I am grateful for my Ed.
I have been putting off this post because I knew that even with as much writing as I do, there was no way I would ever be able to express in words how grateful I am to have Ed in my life and why.
Neither of us was looking for the other, or for anyone at all, when we found each other. We’d met in passing ten years before and neither of us had given the other a second thought in the meantime. When we met again, if anything our relationship came at a most inconvenient time. I was in the process of ending a marriage, he was ending a semi-serious relationship, and we were in the boiler room that is the first year of law school. As my first marriage came to a sad but amicable conclusion after six years, I feared what fate lay in store for a 28-year-old divorcee. The very idea of having to introduce myself to anyone and explain that I was divorced made me cringe. Ed, having endured the ending of a marriage himself (as well as the death of his mother), was a good and true friend through this process. And as our friendship rapidly and very naturally turned into something more, he taught me so many things: how to laugh again when everything seemed so very sad, how to dream about the future again when the future seemed so bleak, and how to open myself to love again when I wasn’t sure if I would be able to. He made me want to be a better person at every moment, and with him as a partner, I began the slow process of becoming the person I’d always wanted to be. That process is ongoing, as I still have infinite room to grow and become an ever-better version of myself, but in the meantime, I’m so grateful to have him by my side cheering me on every day.

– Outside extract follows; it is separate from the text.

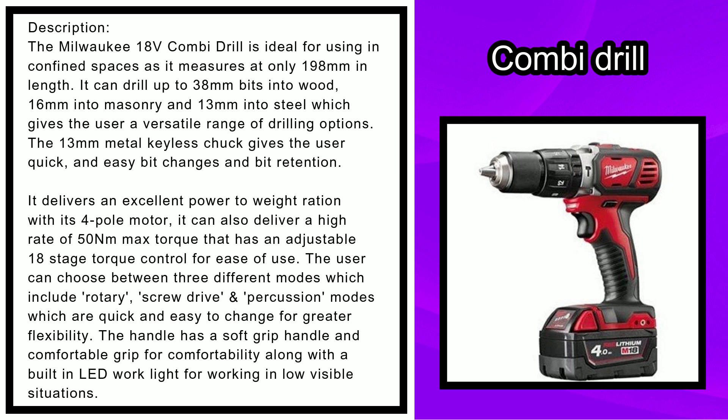The Milwaukee 18-volt combi drill is ideal for use in confined spaces, as it measures at only 198 millimeters in length. It can drill up to 38 millimeters into wood, 16 millimeters into masonry, and 13 millimeters into steel, giving the user a versatile range of drilling options.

While Hudson’s death has caused me to question everything I used to believe about how everything happens for a reason and how things that are meant to be will be, I have no doubt that Ed and I were meant to find one another at the time we did. Had we met earlier, had we not endured the events of our twenties before we met, we would never have been able to appreciate one another in the way that we do now.
That Ed was an incredible father hardly needs mentioning—anyone who reads this blog regularly already knows that, both from what I have described and from the many photos that demonstrate the very obvious love and affection that Ed and Hudson shared. I don’t know the intimate details of how other men parent, but it’s hard for me to imagine a father more engaged, more knowledgeable, and more in love with his child than Ed. Even though I was the “primary” caretaker (given that I was breastfeeding and working part-time), Ed was every bit as involved in Hudson’s life and care as I was. He was always eager to feed her (we called her breakfast every day “Daddy’s special”—a delightful combo of plain yogurt, smashed fruit, and baby oatmeal prepared with much love by Ed every morning), bathe her, put her to bed, spend time with her—ours was as shared a parenting relationship as a couple could have with a breastfeeding mother and a working father. Ed knew Hudson’s schedule and preferences and how to soothe her just as well as I did. And boy, did she love him, again, as is obvious in every photo ever taken of the two. She was a very, very lucky girl and her siblings will be just as lucky to have Ed as their daddy.
And now, as our ability to endure suffering is tested beyond the limits of what anyone should ever have to experience, we are only growing closer and stronger in our love. Although it is actually a myth that most couples end up divorcing after they lose a child (a terrible myth that is irresponsibly perpetuated in the media and popular culture), I never once had any doubt that we would survive this terrible thing. We grieve very differently to be sure (that men and women generally do so is NOT a myth), and it’s often hard for me that I continue to feeling so very fragile much of the time (this is also hard for Ed, who hates nothing more than to see me in pain, particularly when he can’t take it away). But we know ourselves and each other well enough, and more importantly, we love ourselves and each other well enough that we can give each other space when we need it or hold each other close when we need it, with no expectations of any “right” way to grieve our daughter’s death. It is not easy, and there are no doubt many more hard days ahead for us and our relationship as we learn to parent again after this loss, but I can’t imagine trying to do that with anyone else.
I am grateful for my Ed. If he had not taught me early on that we can still laugh when faced with sorrow, that we can still dream when dreaming seems futile, and most importantly, that our capacity for love is infinitely expansive, I don’t know how I would have ever lived through Hudson’s death, how I would still be living through this grief every day, or how I would ever be able to mother another child.
I love you so much, my dear husband, and am so very fortunate to have you.